### WHAT THE TASK ASKS
Write out the data below exactly, from its first line to the line containing "High Speed!: Free!", that line included.
═══
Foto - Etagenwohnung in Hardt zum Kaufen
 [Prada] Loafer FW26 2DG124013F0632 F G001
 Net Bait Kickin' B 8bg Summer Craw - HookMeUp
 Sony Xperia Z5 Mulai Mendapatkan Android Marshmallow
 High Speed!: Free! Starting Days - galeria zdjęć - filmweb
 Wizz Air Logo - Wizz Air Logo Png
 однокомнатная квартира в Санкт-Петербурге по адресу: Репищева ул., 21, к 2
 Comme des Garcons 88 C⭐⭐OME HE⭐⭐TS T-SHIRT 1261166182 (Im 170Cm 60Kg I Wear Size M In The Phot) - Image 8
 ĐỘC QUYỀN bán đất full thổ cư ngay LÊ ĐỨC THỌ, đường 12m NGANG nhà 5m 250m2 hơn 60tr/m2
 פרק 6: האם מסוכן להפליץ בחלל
═══
### EXPECTED OUTPUT
Foto - Etagenwohnung in Hardt zum Kaufen
 [Prada] Loafer FW26 2DG124013F0632 F G001
 Net Bait Kickin' B 8bg Summer Craw - HookMeUp
 Sony Xperia Z5 Mulai Mendapatkan Android Marshmallow
 High Speed!: Free! Starting Days - galeria zdjęć - filmweb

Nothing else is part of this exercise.